Brief »
Copy, word for word, the lines of the listing below from the line with "Vaste lupine, Garden" up to and including the line with "500 Dollar Plushie Meme". Drop the pictures.

Given records »
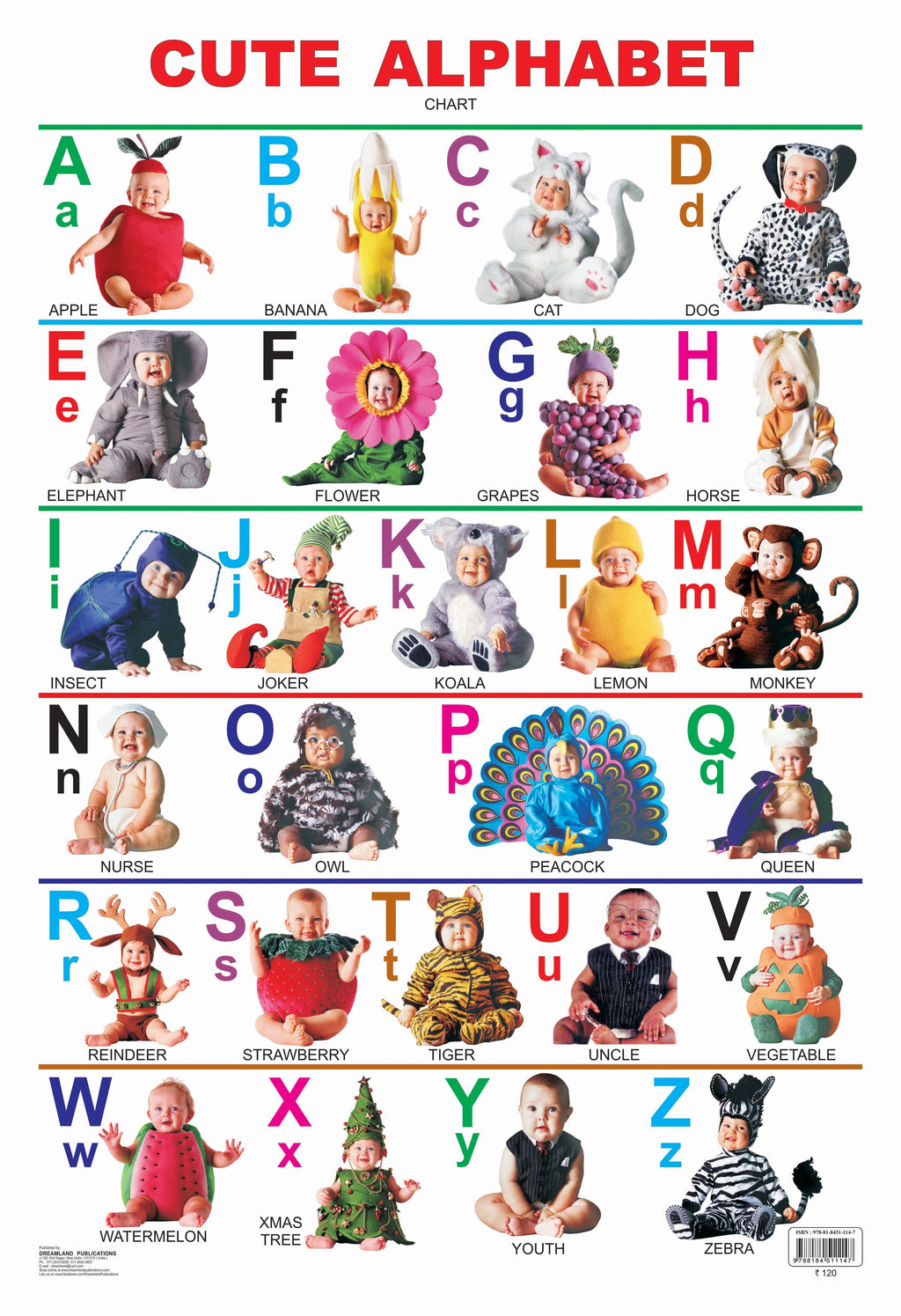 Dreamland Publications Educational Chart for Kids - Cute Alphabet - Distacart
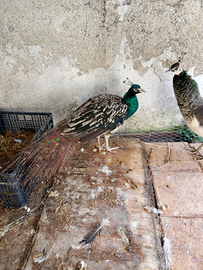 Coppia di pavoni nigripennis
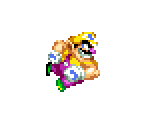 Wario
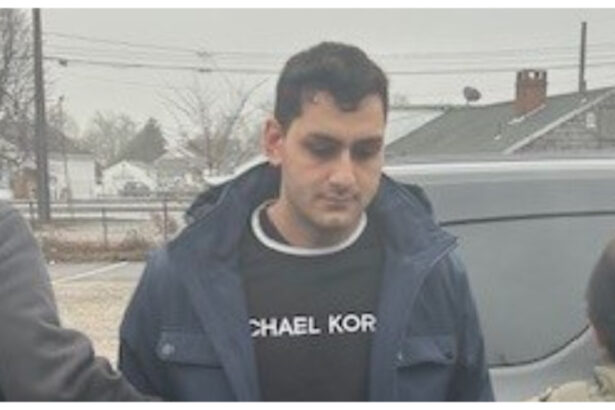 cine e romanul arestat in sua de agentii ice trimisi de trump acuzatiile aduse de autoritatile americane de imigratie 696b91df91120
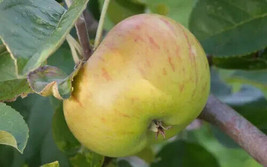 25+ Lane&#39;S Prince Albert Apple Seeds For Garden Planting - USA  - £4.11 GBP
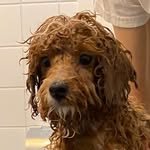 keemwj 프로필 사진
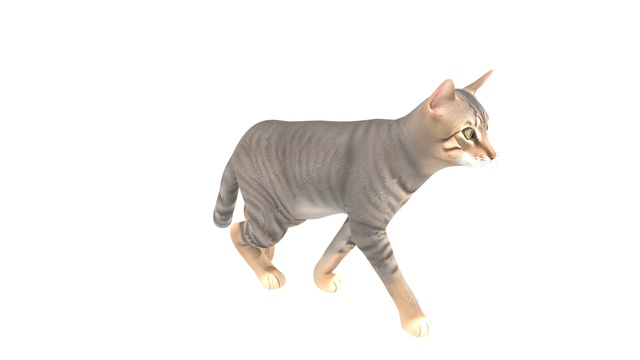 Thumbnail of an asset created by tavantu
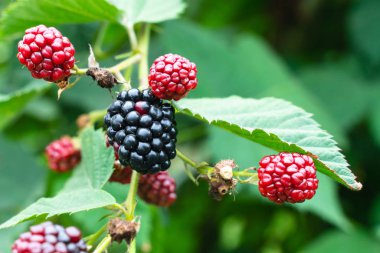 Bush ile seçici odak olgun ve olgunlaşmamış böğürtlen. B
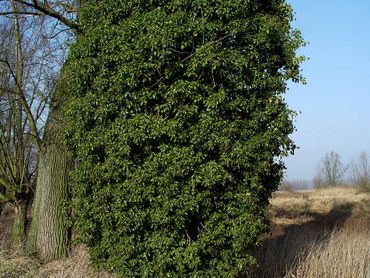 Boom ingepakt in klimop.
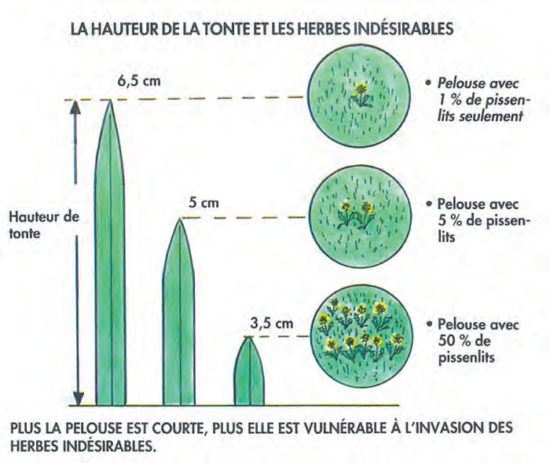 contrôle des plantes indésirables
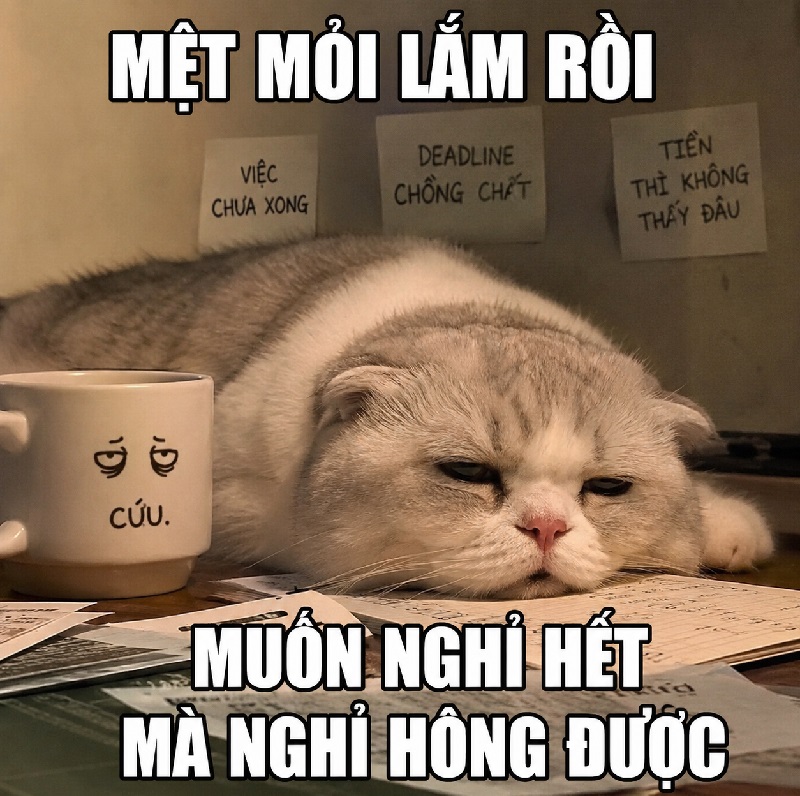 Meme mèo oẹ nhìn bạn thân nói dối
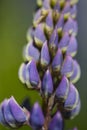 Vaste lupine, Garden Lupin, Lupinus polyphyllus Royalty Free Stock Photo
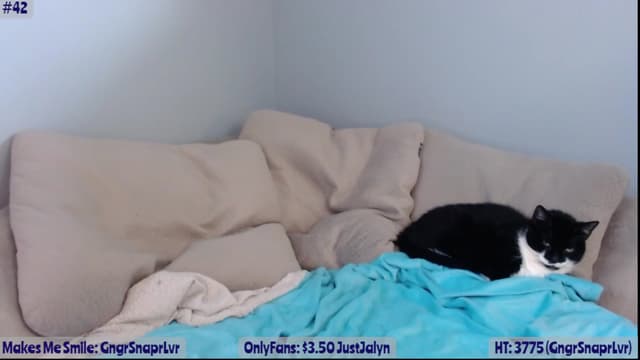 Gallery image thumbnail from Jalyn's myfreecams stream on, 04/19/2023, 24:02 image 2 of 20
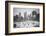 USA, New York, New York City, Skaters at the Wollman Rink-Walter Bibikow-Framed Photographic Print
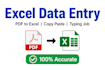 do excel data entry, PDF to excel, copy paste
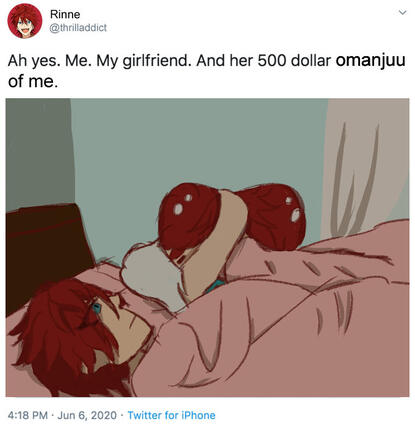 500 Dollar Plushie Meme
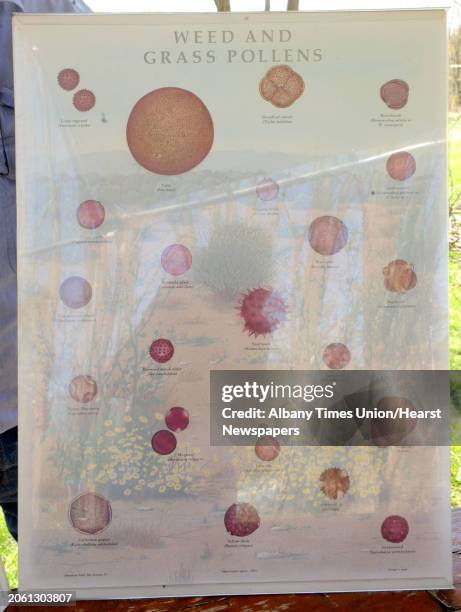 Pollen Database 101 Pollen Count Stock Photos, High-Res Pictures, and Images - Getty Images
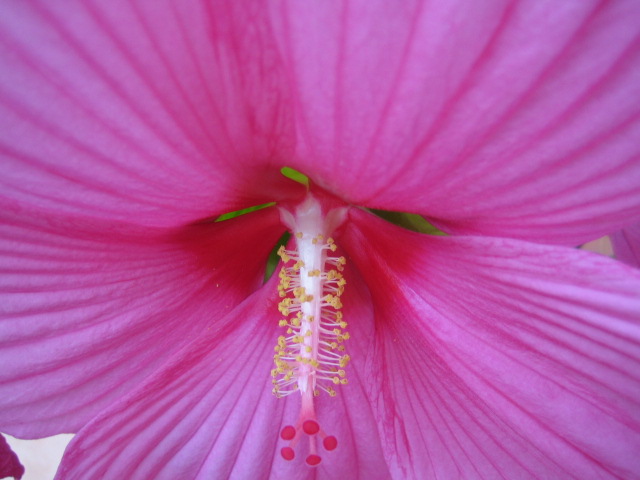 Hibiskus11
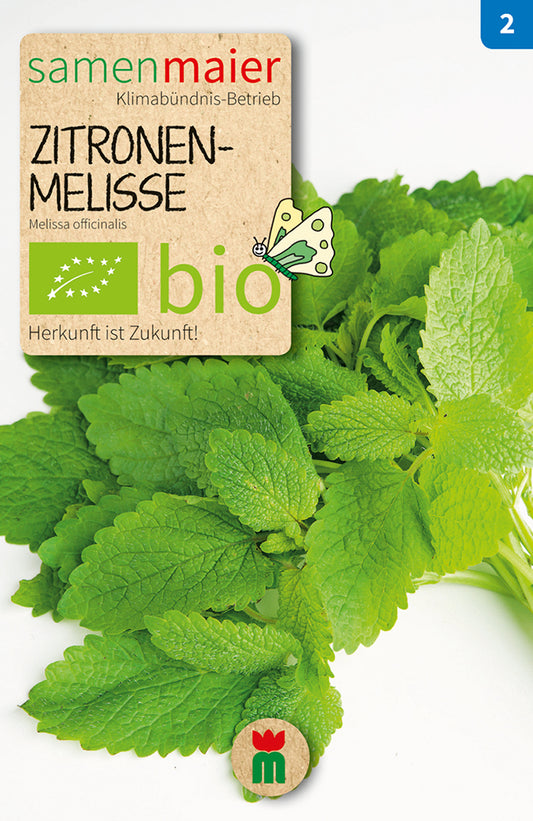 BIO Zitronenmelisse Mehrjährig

Response for this exercise »
 Vaste lupine, Garden Lupin, Lupinus polyphyllus Royalty Free Stock Photo
 Gallery image thumbnail from Jalyn's myfreecams stream on, 04/19/2023, 24:02 image 2 of 20
 USA, New York, New York City, Skaters at the Wollman Rink-Walter Bibikow-Framed Photographic Print
 do excel data entry, PDF to excel, copy paste
 500 Dollar Plushie Meme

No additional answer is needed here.